As I know I’ve mentioned already, I had a really busy summer. We were on the road a LOT. When we finally settled in our Greek home for a month it was really good to be back home with my stuff – my furniture, my kitchen — and see good friends and stay in one place that felt so comfortable and familiar. But as our stay neared the end, part of me was ready to go back home to Manila and move on with our lives. Isn’t that what vacations are all about? A much needed break from the usual grind, followed by a recognition that we all need routine in our lives. I loved my time there and was sad to leave, but I was also ready to go back to work.
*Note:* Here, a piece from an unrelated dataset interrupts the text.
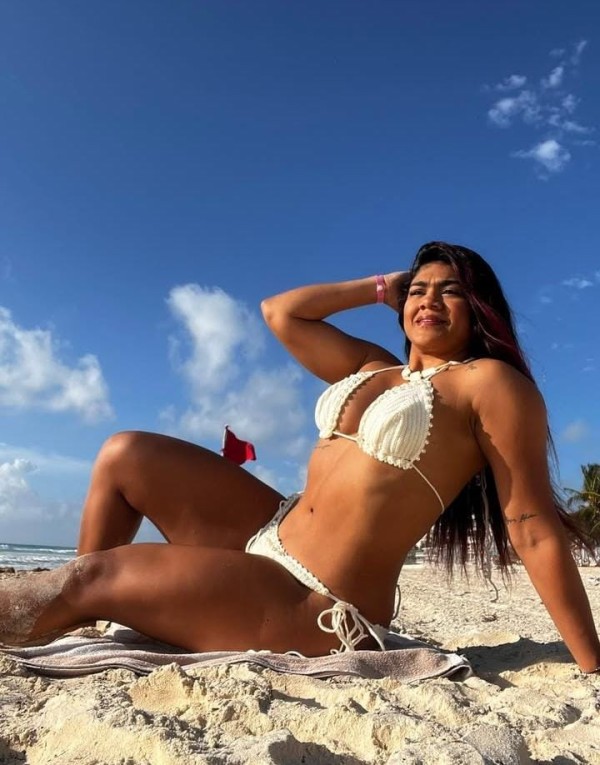 Hola amor qué tal soy Daniela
But we returned to the devastating floods that consumed 60-80% of this city, and rain and rain and more rain. Of course its the rainy season here, “wet” is expected, but there’s rain and then there’s rain…. I was not expecting two continual weeks of deluge. And while I sat in my apartment feeling trapped, I knew that my problems were nothing compared to the suffering of others just a few streets away. And yet the selfish feeling of boredom and discontent set in and coloured my view of the world.
The last two weeks since I’ve been back feels like two months, and I’ve been having trouble seeing the fun of being here in Manila. Instead I’ve been seeing all the annoyances: the traffic, the lack of open space, the difficulty of just going for a walk, wanting to just be able to jump in my car and go….. Coupled with my sense of missing Greece and a rotten week at work, this has to be my low in almost two years of living here. Blogging about these annoyances always seems petty in retrospect, and I usually avoid it. But it creates a space in my blogging diary until the next event or interesting thing comes along, which perpetuates the image that some have, I’m sure, that life is one long beach trip or adventure. Right now, ignoring that space — all the time — feels sort of dishonest. No-one needs to hear about all my bad petty days, even if I can find the talent to write about them with sufficient humour or insight. But a concession to add a little balance seems called for … so here it is: Manila sucks right now!
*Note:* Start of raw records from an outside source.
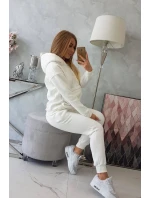 Izolovaná sada s ozdobnou kapsou ecru Izolovaná sada s ozdobnou kapsou ecru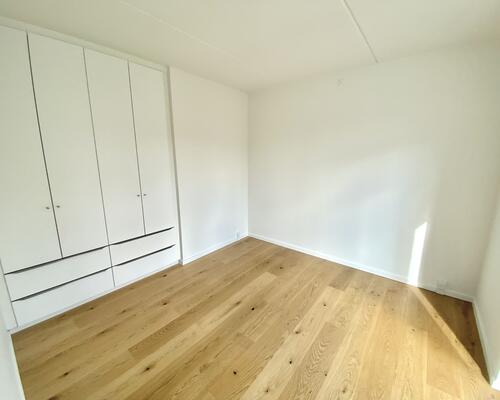 Moderne 3-værelses lejlighed med altan i Odense M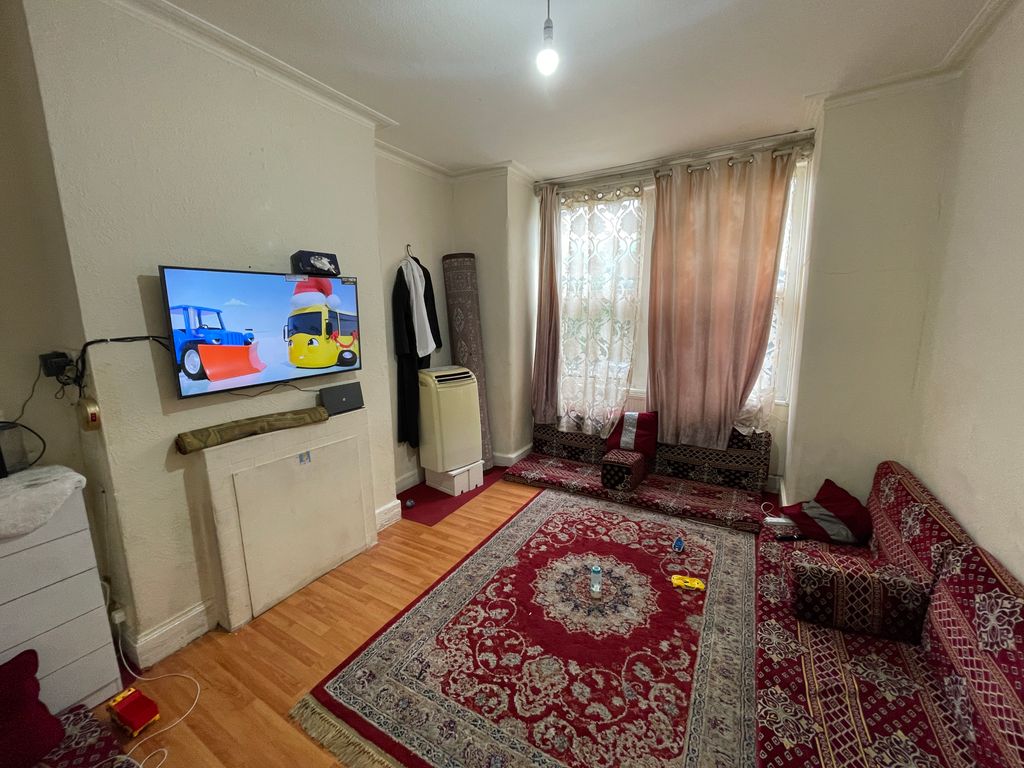 Property photo 3 of 12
A return to our usual programming follows shortly……
For those asking for news, updates and information on the severe flooding in Manila, here’s a post to update everyone. We’re ok! The area that we live in (The Fort) seems to be holding up well as it has a modern drainage system. The city has had about 30 inches of rain in the last 48 hours. This is on top of heavy rains, tropical storms and high tides which have battered the city for the last two weeks. The ground is saturated, rivers are overflowing and the inadequate drainage systems cannot even begin to cope.
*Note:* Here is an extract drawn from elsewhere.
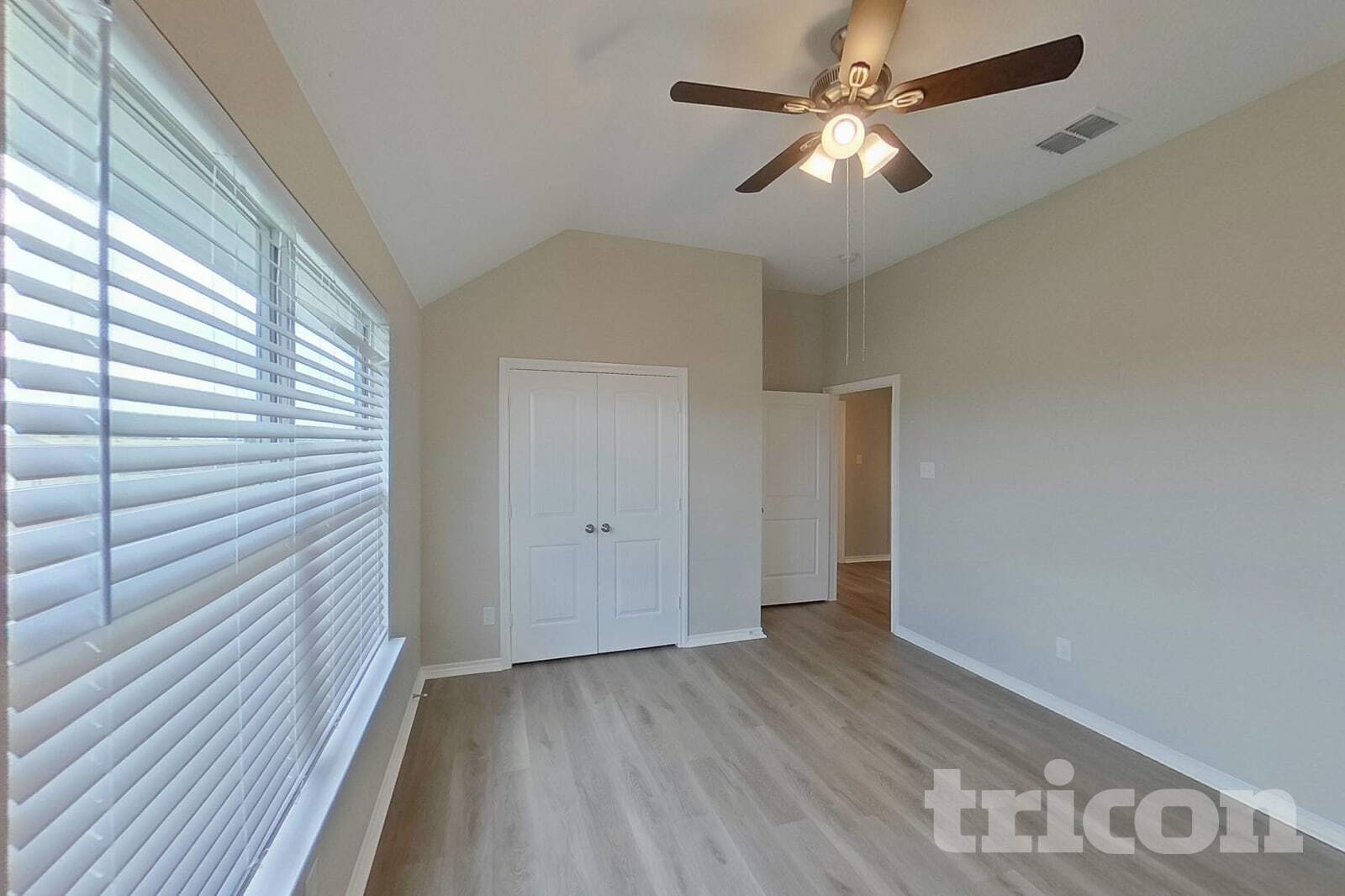 Building Photo - 523 Long Prairie Dr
Latham and I ventured out yesterday to Market Market to get some food. Although we got very wet (despite the raingear and umbrella) it wasn’t too bad on the streets. We did see one or two drain covers burst open from the water pressure as the drain was full. So I think that it has the potential to flood here if it rained long enough. Its actually just drizzling now, although there are still heavy rain clouds on the horizon over Makati….not sure what direction they are heading. Here’s a recent video of Makati flooding: http://www.youtube.com/watch?v=IQsu5-ZsXEA
Makati is the main business district and is considered an affluent area. Many embassy homes are located here, most of them in apartments. I haven’t heard from anyone housed in the villages, so I don’t know how houses are faring.
The coastal area where the Embassy is located is worse. The high tide comes in and adds massively to the flood levels. Robert says the flooding has been worse than the hurricane last September. I can’t find any pictures online from the last couple of days, but to show how the problem compounded, here’s an article from Aug 2 that shows the state of things before
the most recent set of heavy rains hit: http://www.france24.com/en/20120802-philippine-floods-persist-toll-rises-23
Elsewhere it is much worse. The northern part of the city, Quezon City, has the Mesa Dam which is the city’s main source of drinking water. The reservoir is right next to the largest university campus. All that area is seriously flooded and is now creating concerns for contaminated water. Also in the southern area of the city, Las Pinas, it is really bad with flooding levels up to the second floor. Our helper lives down there and she had cell phone reception at one point, texting me that they had moved up to the second floor of their home to avoid the water.
So for us the weather is just boring and a nuisance but the threat to lives and property elsewhere is very real. Hopefully rains will die down today as forecasted. Its going to take a long time for this city to dry out.